The Chinese folding stool is presumed to have come to China from the West. It is akin much from the Egyptian or Scandinavian folding stools, but it has a dissimilarity in that the top rail is elegantly fixed to the two legs of the stool in a curved member, which is usually provided with metal mounts. From a Western viewpoint the resulting effect of these two furniture styles is stylized. The constructive and decorative elements are combined in a manner that is at the same time naïve and refined. The piecemeal appearance is a result of the manner that the individual members do not appear to have been joined together by either glue or screws, but are mortised with one another and fixed in its place in the manner of a Chinese puzzle.

Spain: 17th century
The Golden Age of Spain of the 17th century also put its mark on the chair. Paintings show a design of chair with a relatively unrefined wooden frame; a back and seat, nailed on, possessing two layers of leather, with horsehair stuffing in between, stitched to produce a pattern of tiny pads. The front board and a similar board from the back could be folded after loosening some small iron hooks. Thus the chair was a portable piece of furniture for traveling which, at the same period, had the status of a four-legged, high-backed armchair.

The Netherlands: 17th century
A low, square, upholstered style of chair can be found in engravings of interiors of rich Dutch homes by Abraham Bosse, a French artist, and also in paintings by the Dutch artists Johannes Vermeer and Gerard Terborch. Although this type of chair might also be seen in countries in which Dutch styles of interior decoration and Dutch furniture won favour, it is not decided that the design actually was instigated in The Netherlands. Usually, the legs of the chair will be smooth, round in section, and of slim shape; they are in some cases baluster-shaped (vase-shaped) or twisted. It is unquestionably a bourgeois piece of furniture and was made in impressive quantities, as indicated from one of Abraham Bosse’s engravings, in which an entire row of those chairs lined up along a wall. The style asserts itself with its shapely proportions and fine upholstery in gilt leather or fabric bordered with fringes.

France and England: 17th and 18th centuries
The French Rococo chair in its most mature form—that was, as developed in Paris around 1750—spread over most of Europe and was imitated or copied during the mid-20th century. The chair owes this popularity to a combination of leisure and charm. The seat suits to the human body and allows a relaxed seated position. The back is bow-shaped, the legs curved. Typically the seat and back are upholstered, and there are tiny upholstered pads on the armrests. Smooth transitions are made between seat frame, legs, and back cover all the joints, which are strongly constructed on craftsmanlike methodology even with the absence of stretchers between the legs.

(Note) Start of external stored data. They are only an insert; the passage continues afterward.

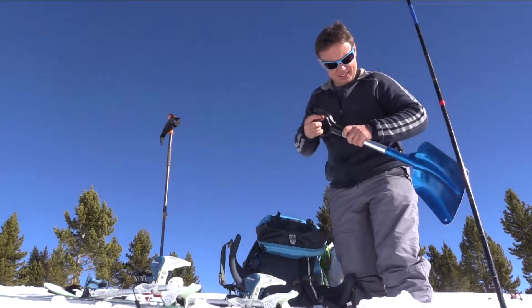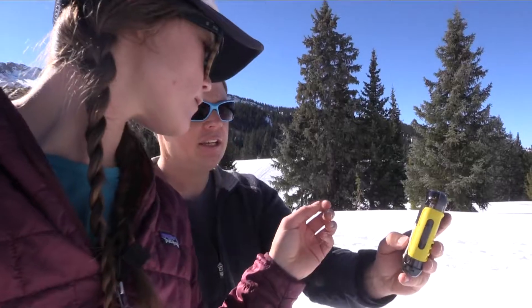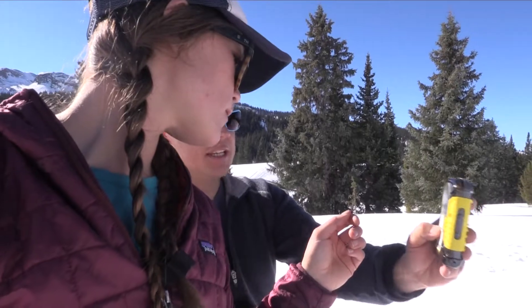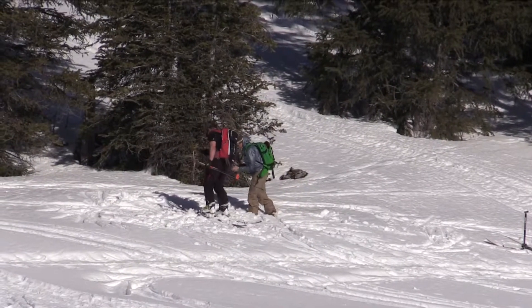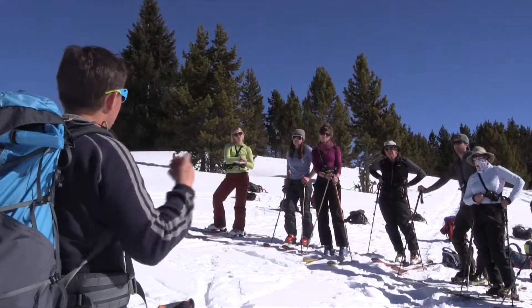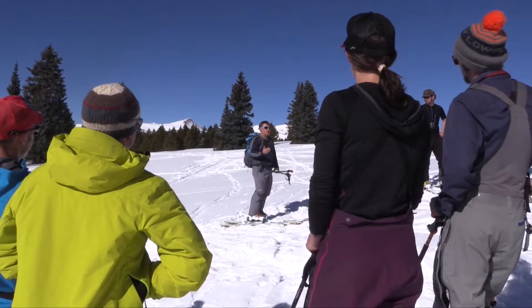Manuel Genswine's approach to avalanche rescue is all about time. He compares the overall process to landing a plane, evoking your skills and attention to detail, moving slower as you get closer to the buried object. The process is broken down into five key steps with three essential pieces of gear.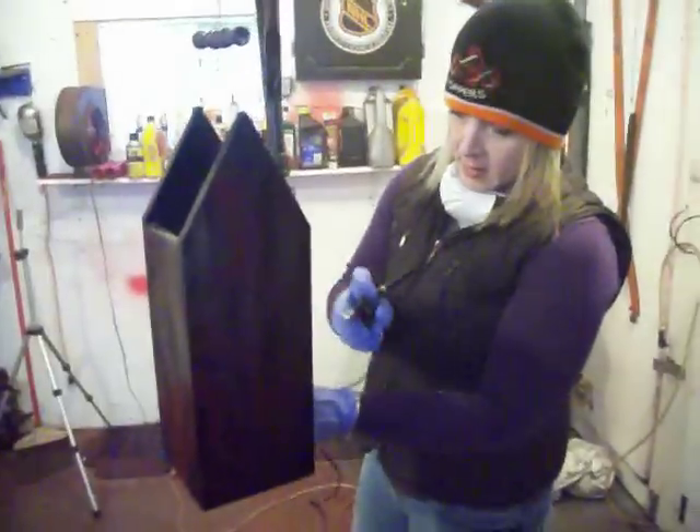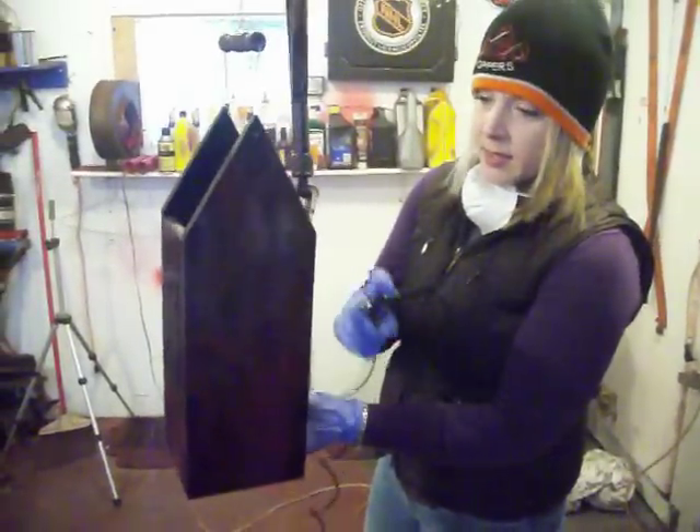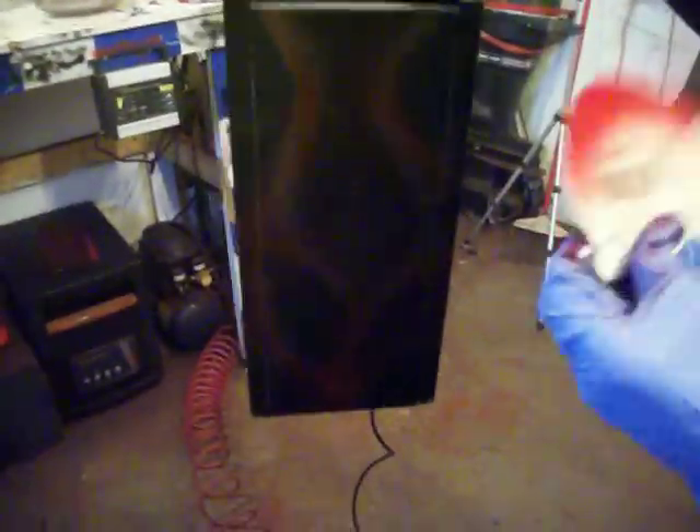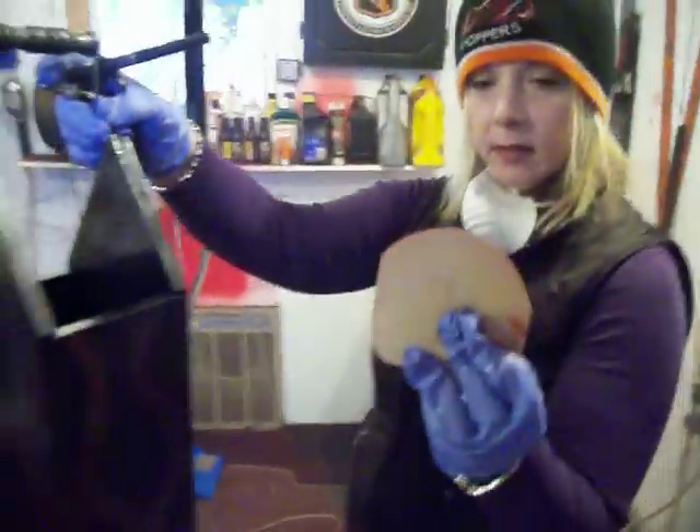Tell them what you're doing. So we went over, we did some with the metallic grey and then we're going over and doing it with the red. And we just cut out a little piece of cardboard to get the curve on it.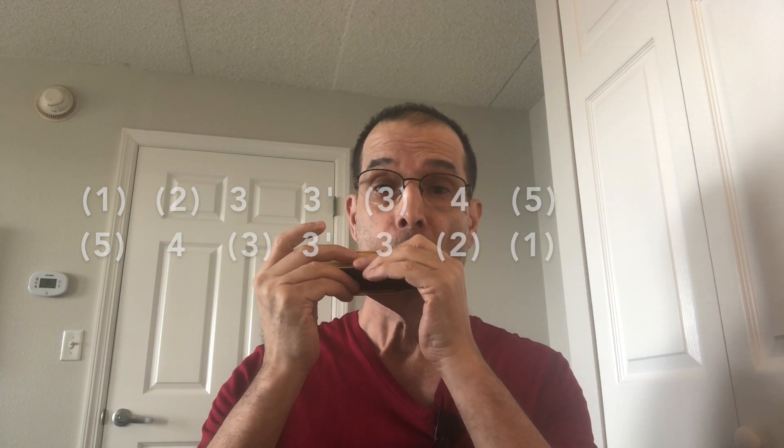And now you can play it on your chromatic down low.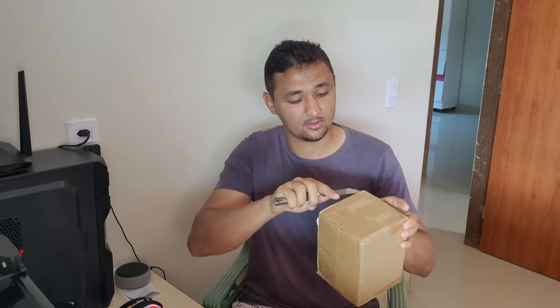Então vamos para o unboxing. Como vocês veem, está tudo lacradinho. Estou com o meu canivete aqui, vamos estar abrindo a caixa para ver o que vem dentro do pacote. No AliExpress eu paguei o frete no valor de R$ 46,00, mais o valor da câmera de R$ 179,00. Vou estar deixando o link também aí caso alguém queira conhecer a loja. A princípio vem bem embalado, bem embalado por parte do vendedor.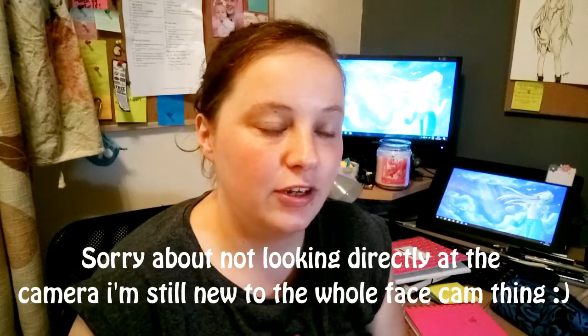Hey guys, it's Hetty and in today's video I thought I'd do something a bit different — I'm going to do my essentials for art school. I've been to college and university now and these are some of the things I really recommend you get. These work for any discipline in art, whether you're a digital artist or a traditional artist, and I just thought I'd cover the basics.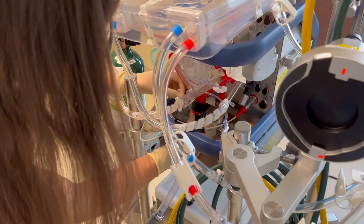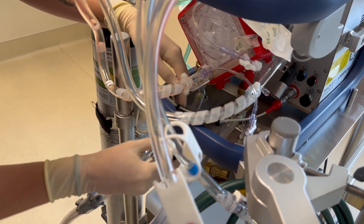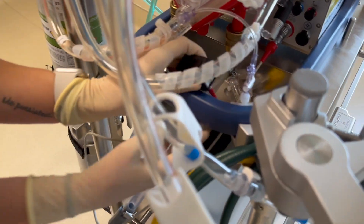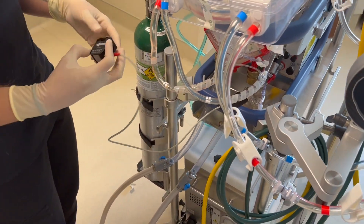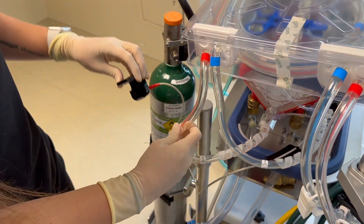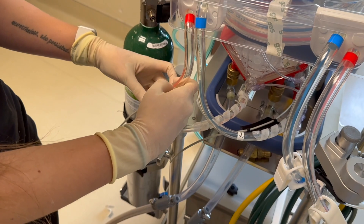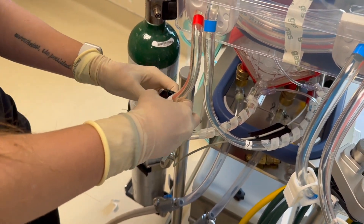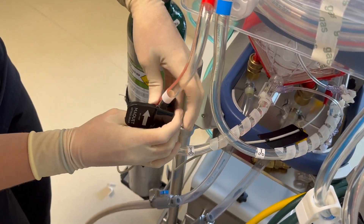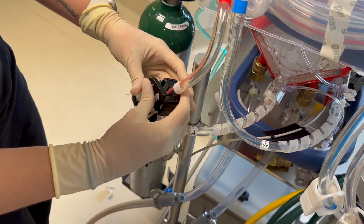Then you will take your flow probe and place it on the return line with the arrows facing your patient. Push the button, open it, and face it towards your patient. Always use your fingers when putting on the flow probe — never the door of the flow probe, or you could break it. It's difficult when there's nothing in the tubing, but use your fingers and then close the door.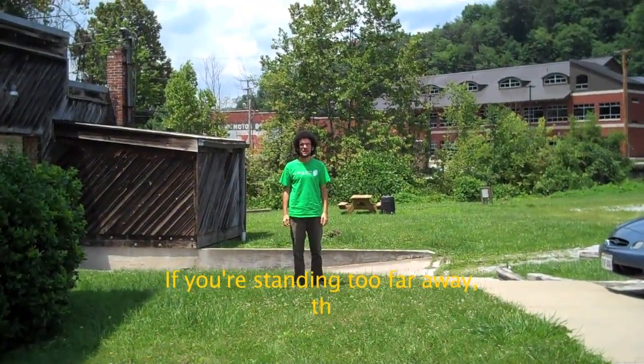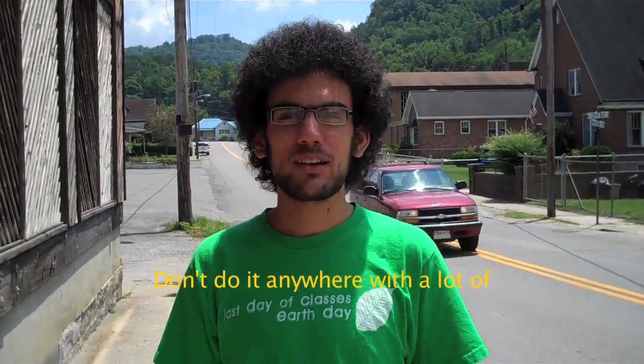If you're standing too far away, they won't be able to hear you. Don't do it anywhere with a lot of background noise and talking. As you're holding the camera, try to keep it steady and pointed at the person's face. But also make sure that you're engaging with the person themselves and don't just be looking at the camera screen. That's the nice thing about the flip cams — because they are so small, they're a lot less intrusive than big cameras. So make sure that you're talking to the person and not letting the camera talk to them.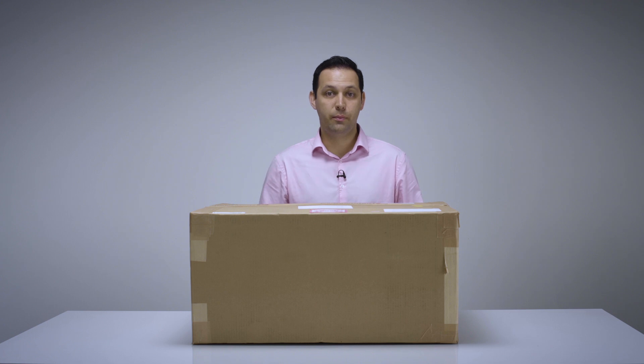It's worth noting that all our analyzer packaging has been drop tested to ensure the safety of the technology inside. So let's open the box.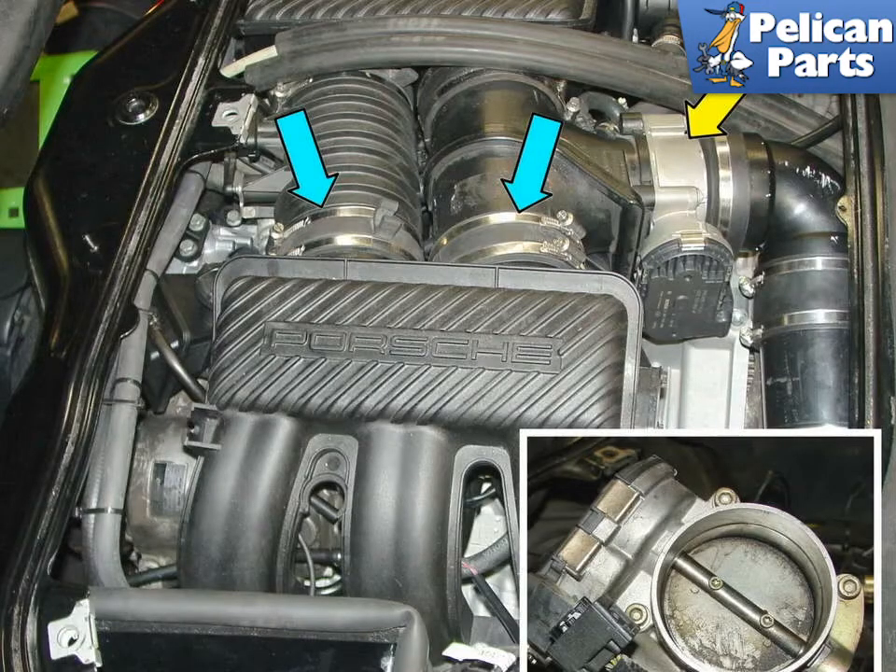The Boxster throttle body is a precision piece of equipment that's subject to a rather harsh environment. After years of reliable service, the throttle body may become dirty or clogged, which may result in lower performance. You may find there's a lot of buildup of dirt, particularly if the previous owner didn't change the air filter too often.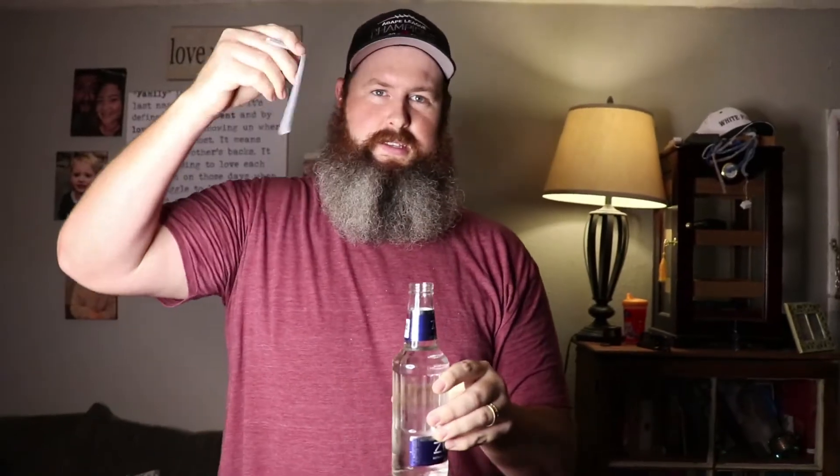You get yourself a bendy straw. You got to remember, finger goes here. Finger goes here, comes off. Alright, so you just take this, put it down in there like that. It's real fizzy. I forgot how fizzy this really was.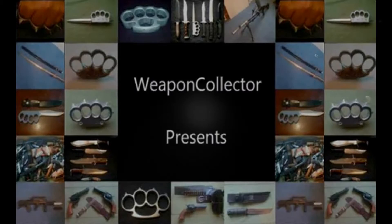Right everyone, Webcollector here. I thought I'd do a video testing out that camera I bought recently — the SW20 flashlight camera — and test out one of my torches.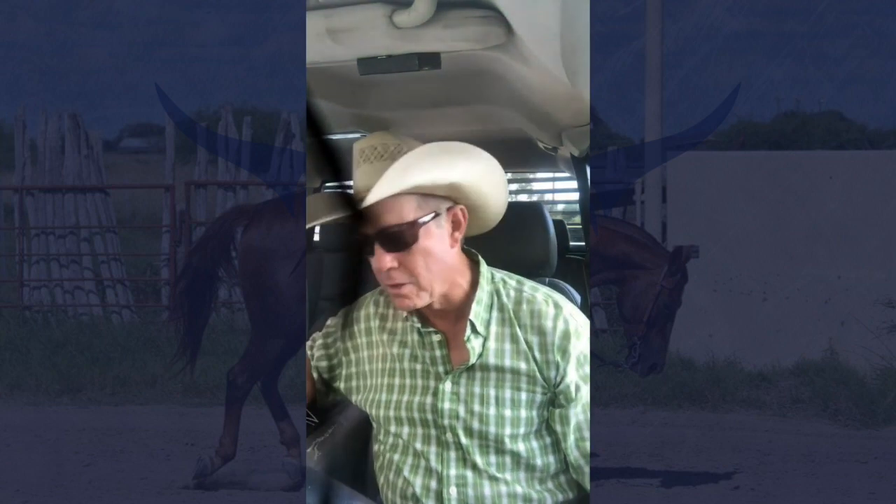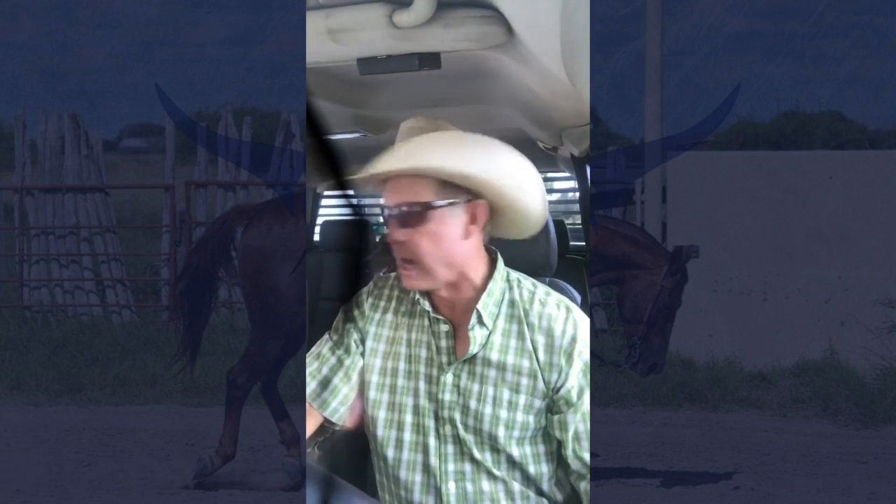Good morning, everybody. This is Van Hargis with Van Hargis Horsemanship. Let's take a trip over to the ranch real quick. Appreciate you guys joining me again today on the ranch road. We're going to talk a little bit more today about contact.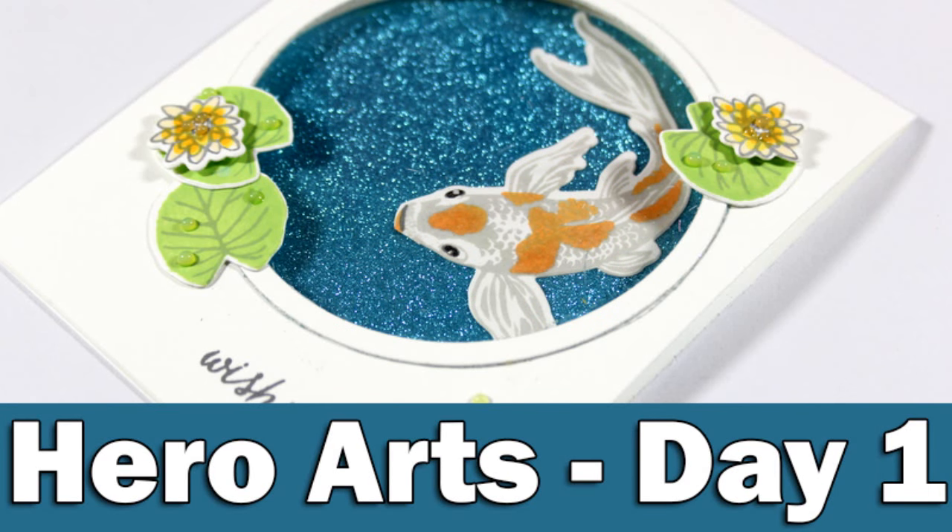Hi everyone, it's Vicky here with a fun event this week. I am going to post three videos in a row on Monday, Tuesday, and Wednesday featuring Hero Arts products. So let's start with day one.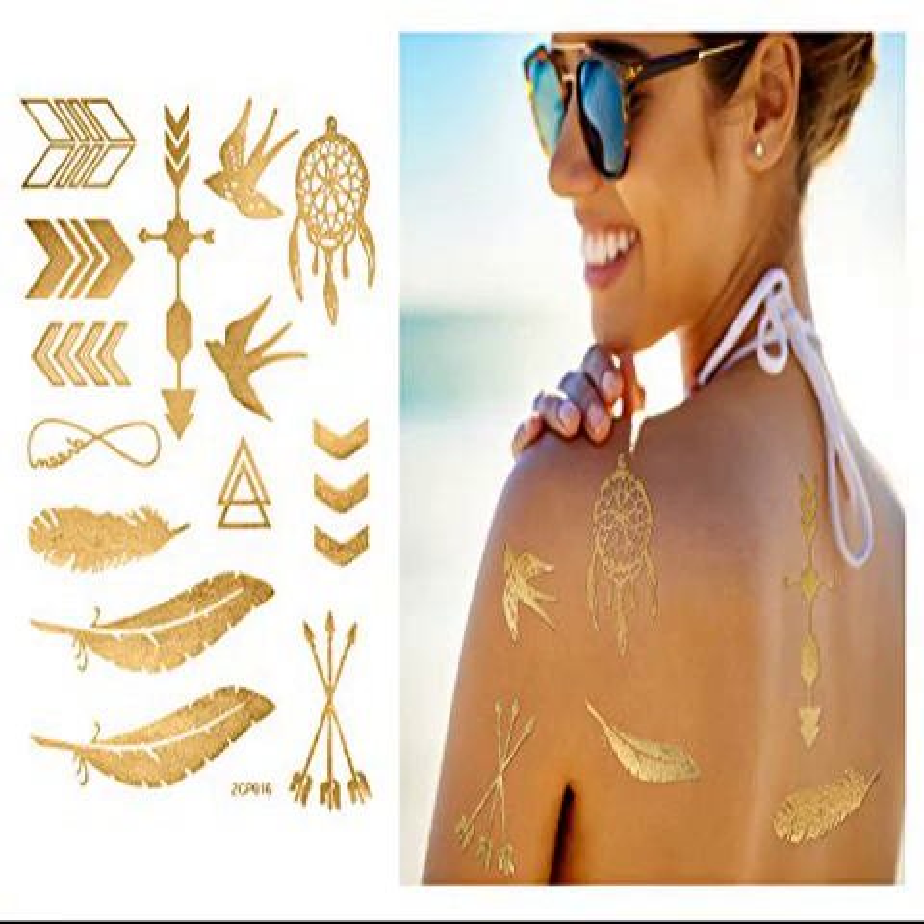Metallic Temporary Tattoos — 10 Sheets Premium Metallic Tattoo Set. You'll get a complete 10-sheet set with more than 100 hot new trending tattoo shapes and designs. You can create dazzling combinations on almost every part of your body. And the best part — it looks just great on any skin color.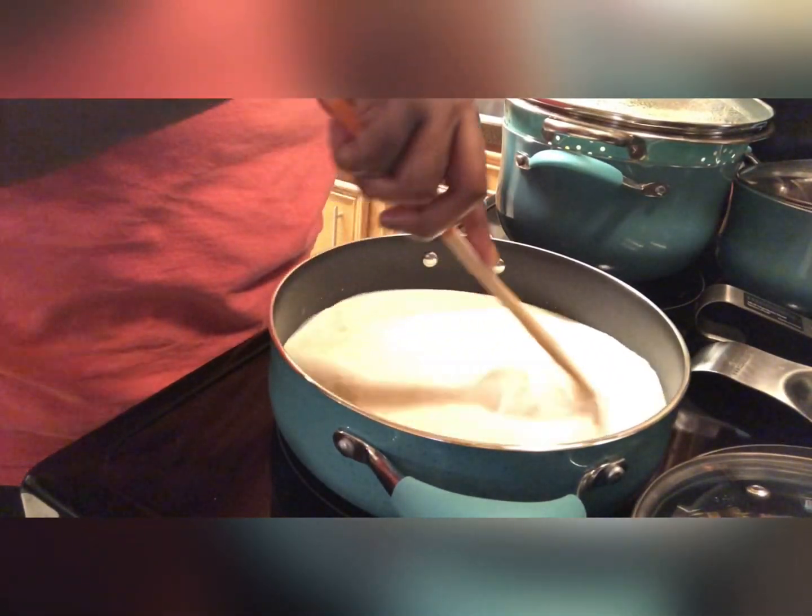I'll now add in some fresh baby spinach leaves, and again this is one of those things you can add as much or as little as you would like. For extras, I'm adding in some sliced mushrooms, gently folding everything together making sure everything gets nice and coated well with that pasta sauce.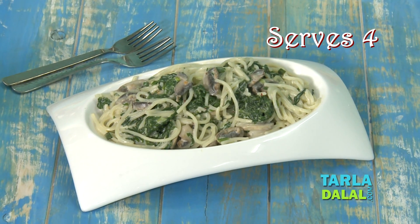Hello everyone, welcome to Tarla Dalal's Kitchen. My name is Mansi and today I'm going to show you a pasta delicacy which is spaghetti with spinach and mushrooms. This is a very quick recipe. It's just that you require a little bit of pre-preparation where you need to blanch the spinach, boil the spaghetti and do a little bit of chopping. So come on, let's start making this recipe.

French Rococo chairs and imitations thereof employ wood of relatively thick density; but all members are deeply molded, all superfluous wood has been taken away, and finer chairs would be further embellished with special delicate and decorative carvings. The wood could be varnished, stained, painted, or gilded. Silk damask or tapestry is generally used for all the upholstery on the seat, back, and armrests; crosshatched cane is in some cases used rather than upholstery.

English chairs in the 18th century were more varied in design than the French. The French manner for stylistic uniformity, which lead from the royal circles in Paris and Versailles through most of France and was popular in large parts of the Continent, had no parallel in England. Prior to 1740, the most commonly used wood was walnut; thereafter, and for the rest of the century, it was mahogany. Walnut, though beautiful in hue, was soft and therefore less suited to wood carving than to rounded, curving forms. Outer surfaces, such as the back and seat frame, were usually veneered. During the walnut period, highly overstuffed armchairs, covered with leather or embroidered material, were also developed. The best upholstery of this period is precisely and firmly modelled and accentuated by braiding or tacks. When imports of mahogany became common, no specifically new chair designs appeared, but the character of the woodwork changed. Mahogany, having a firmer, closer grain, could be cut thinner, which meant that individual parts of the chair could be more slender in shape. Mahogany also lent itself better to carving than walnut. Carving was concentrated more on the arms and back than on the legs, which as a rule were straight and smooth with chamfered (bevelled) edges and molding. There was a wealth of variety in chairback designs, featuring elegant, pierced, vase-shaped splats or two upright posts connected by horizontal slats (ladderback).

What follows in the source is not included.